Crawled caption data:
*** Begin section ***

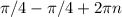 \pi /4- \pi /4+2 \pi n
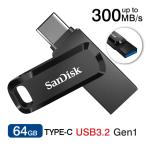 USBメモリ64GB SanDisk USB3.1 Gen1-A/Type-C 両コネクタ搭載Ultra Dual Drive Go R:150MB/s 回転式SDDDC3-064G-G46海外パッケージ 翌日配達対応 送料無料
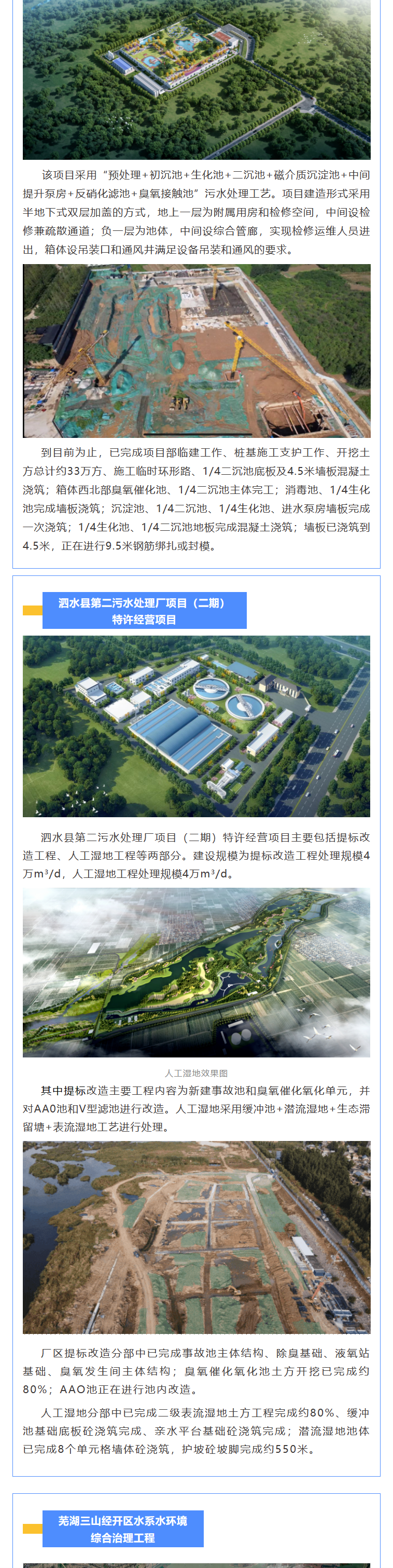 彩名堂(中国区)官方网站入口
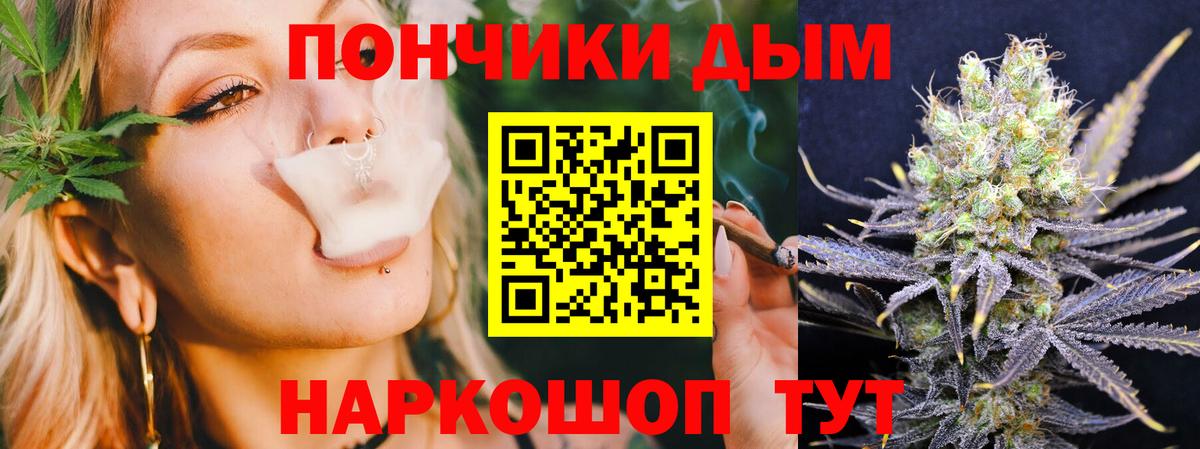 Марихуана OG Kush  Вход с VPN  МАРИХУАНА конопля  Канабис LSD WEED  МАРИХУАНА Bruce Banner  Усть-Джегута 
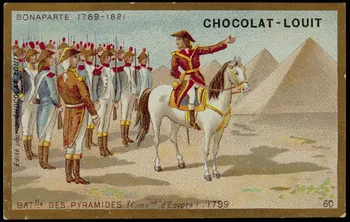 Weyl et Sevestre carte réclame chromo France 1883-1914 1995.1.1387.60 Photo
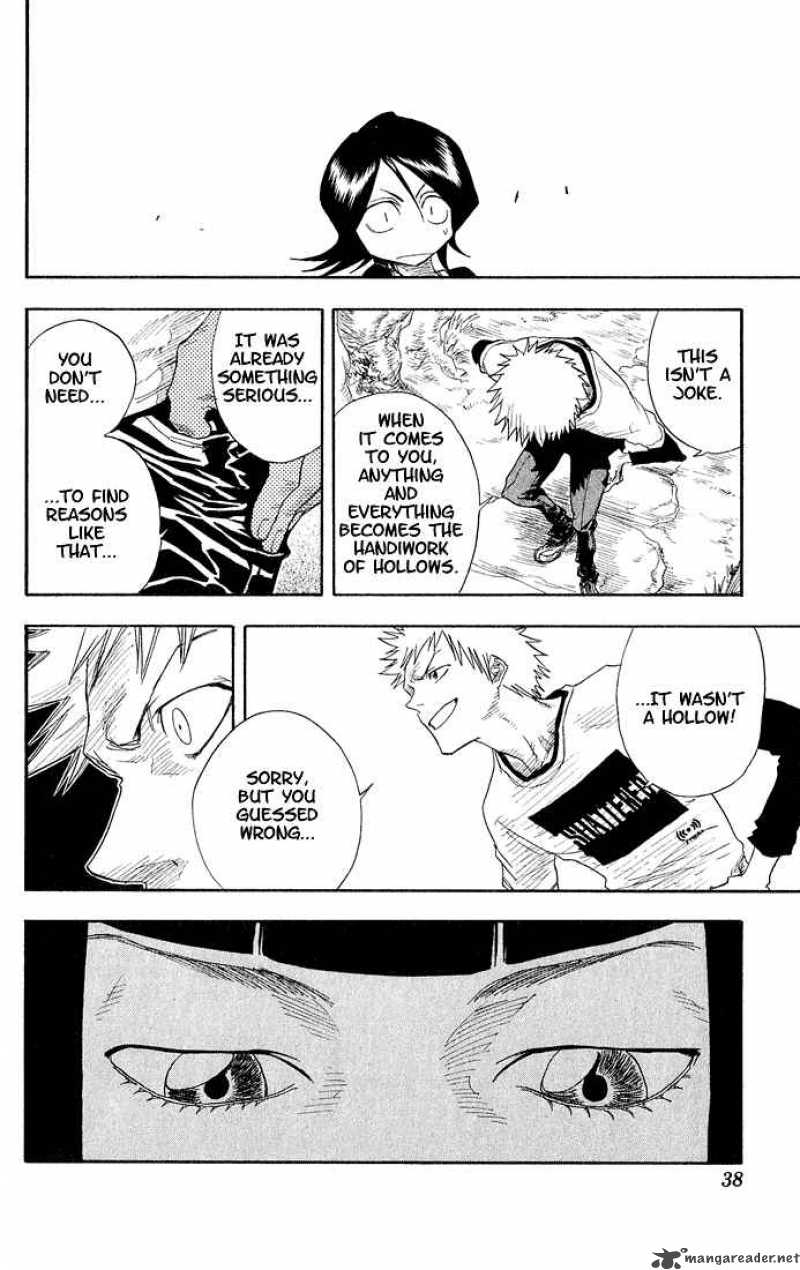 Chapter 18 - 6 17 Op. 2 Can't Smile Don' Blame Image(13)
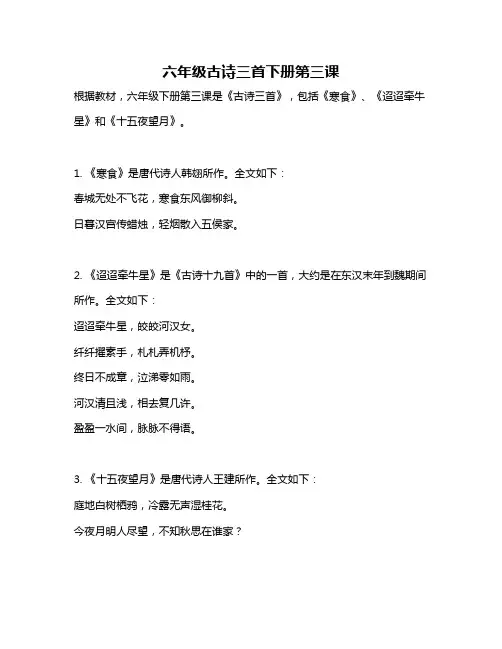 六年级古诗三首下册第三课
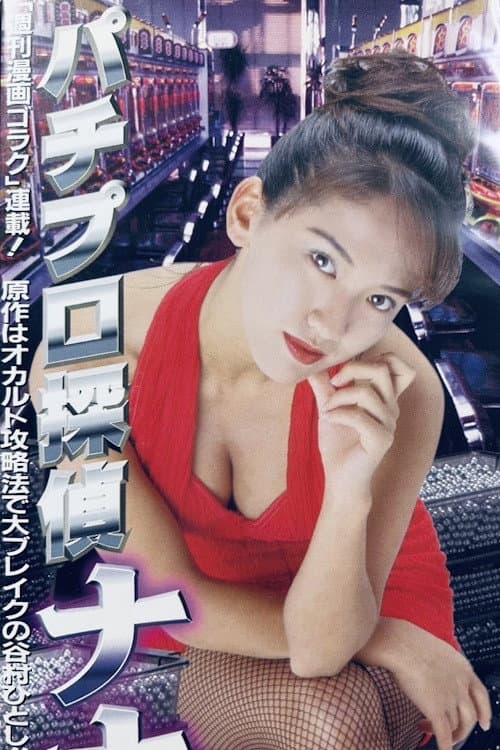 Pachinko Detective Nana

*** End section ***

Reprint the entries above exactly, images removed.

 \pi /4- \pi /4+2 \pi n
 USBメモリ64GB SanDisk USB3.1 Gen1-A/Type-C 両コネクタ搭載Ultra Dual Drive Go R:150MB/s 回転式SDDDC3-064G-G46海外パッケージ 翌日配達対応 送料無料
 彩名堂(中国区)官方网站入口
 Марихуана OG Kush  Вход с VPN  МАРИХУАНА конопля  Канабис LSD WEED  МАРИХУАНА Bruce Banner  Усть-Джегута 
 Weyl et Sevestre carte réclame chromo France 1883-1914 1995.1.1387.60 Photo
 Chapter 18 - 6 17 Op. 2 Can't Smile Don' Blame Image(13)
 六年级古诗三首下册第三课
 Pachinko Detective Nana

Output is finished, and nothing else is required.